At present, there are some data processing tools, such as hive,pig,cascading, which are lower in abstraction level. Luigi is not to replace them, but to help you manage them, the Luigi task can be a hive query, a Java-written Hadoop job, a Scala-written spark job, or a Python program. Luigi provides workflow management for a large number of interdependent jobs, so programmers can put their energies into the job itself.

There are some similar projects such as Oozie and Azkaban. One important difference is that Luigi is not just for hadoop jobs, it can easily extend other types of tasks.

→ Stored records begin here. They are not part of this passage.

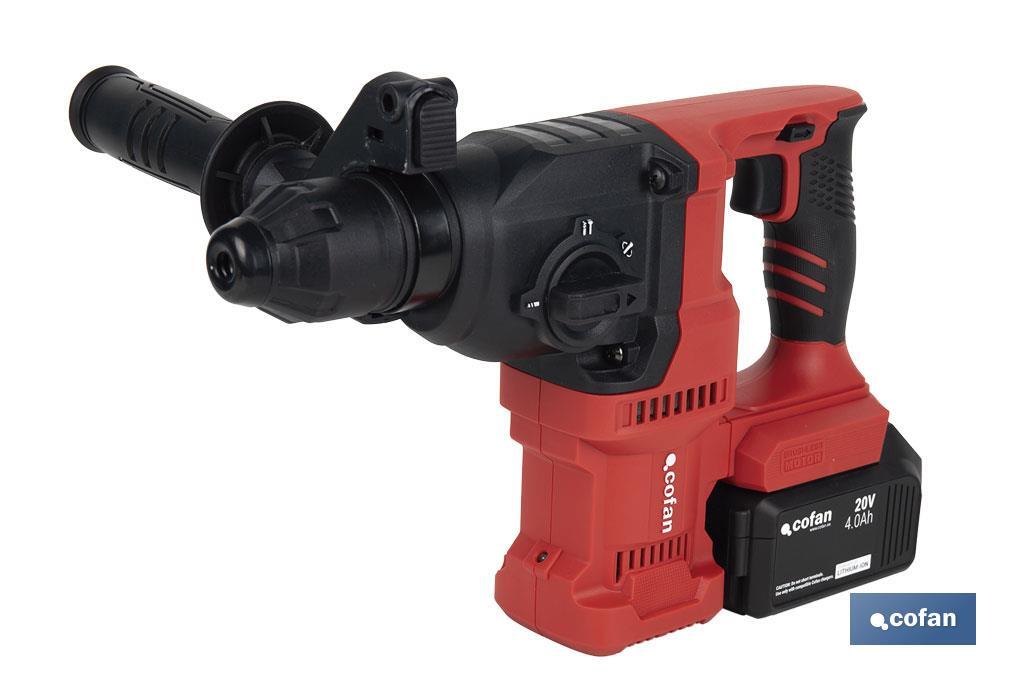 TALADRO MARTILLO PERFORADOR SDS-PLUS A BATERÍA Li-ion 20 V 1150 RPM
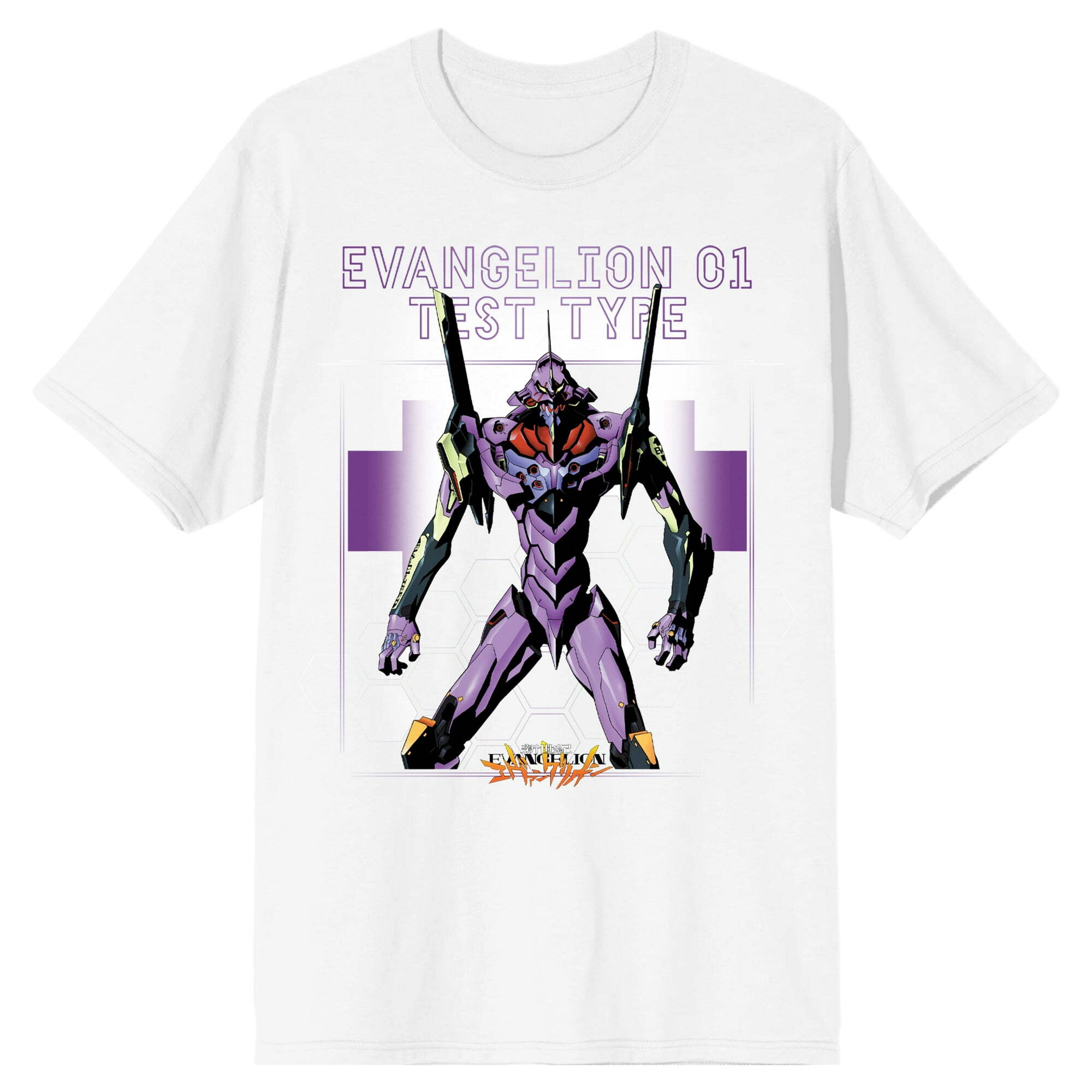 新世紀エヴァンゲリオン エヴァンゲリオン初号機 ホワイト Tシャツ 入荷写真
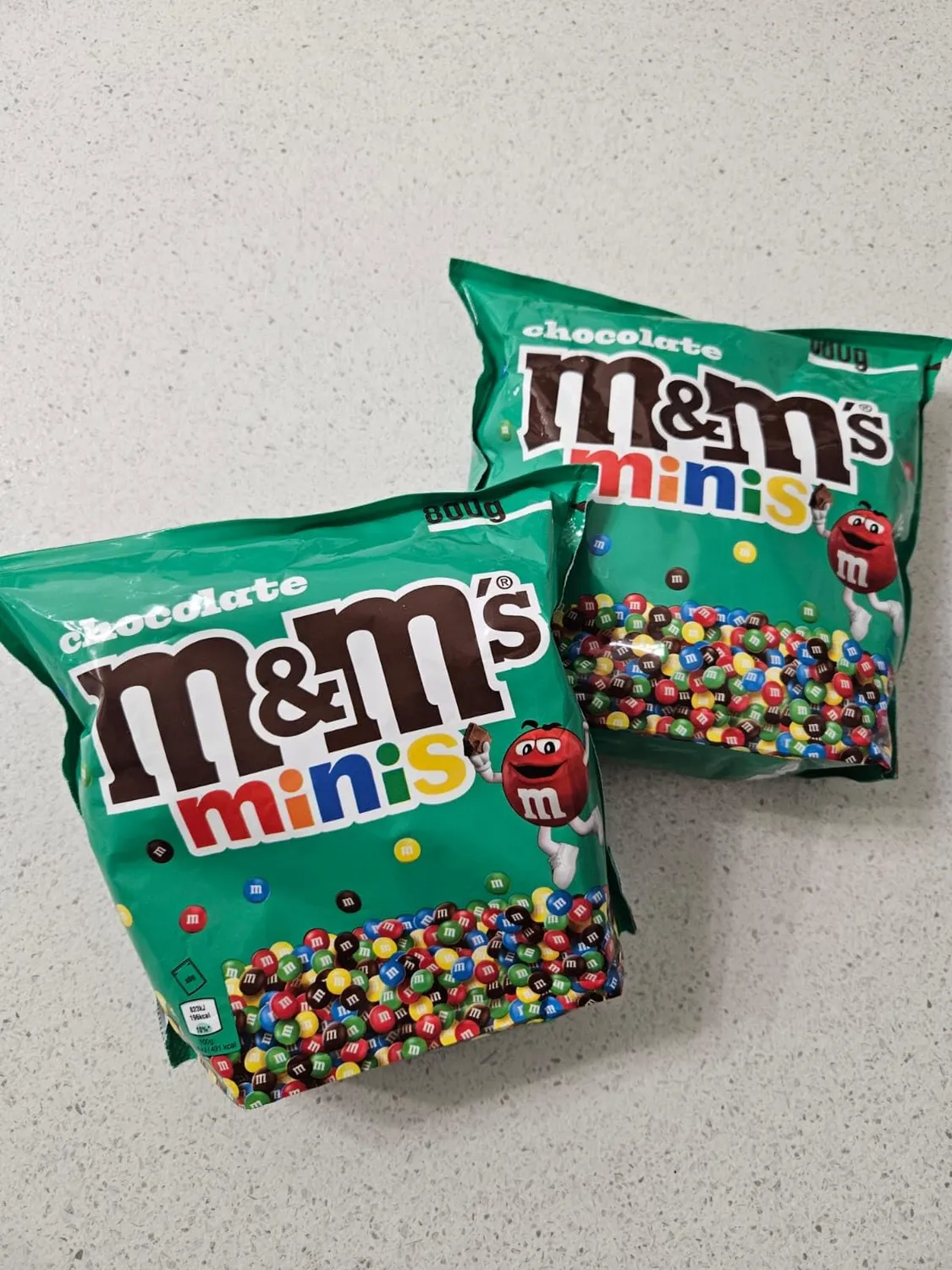 M&M's Minis bonbons chocolat lait 800g partage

Second, Luigi's official website Hello World Example

The purpose of the 2.1top artists example

The purpose of this example is to assemble a stream of some production data, then find the first 10 artists and save the final result to the database

2.2Aggregate Artist Streams

classAggregateartists (Luigi. Task): Date_interval=Luigi. Dateintervalparameter ()defoutput (self):returnLuigi. Localtarget ("DATA/ARTIST_STREAMS_%S.TSV"%self.date_interval)defrequires (self):return[Streams (date) forDateinchSelf.date_interval]defRun (self): Artist_count=defaultdict (int) forInputinchSelf.input (): With Input.open ('R') as In_file: forLineinchin_file:timestamp, artist, track=Line.strip (). Split () Artist_count[artist]+ = 1With Self.output (). Open ('W') as Out_file: forArtist, CountinchArtist_count.iteritems ():Print>> out_file, artist, Count

For the explanation of this class:

Requires method: This method specifies the dependencies required for this task, in this case, Aggregatearttists relies on a stream job, and the stream job requires a date as a parameter.

Parameters: Each job can define one or more parameters, which need to be defined at the class level. For example, the above class has a parameter Date_interval

Output method: Defines the place where the job results are saved.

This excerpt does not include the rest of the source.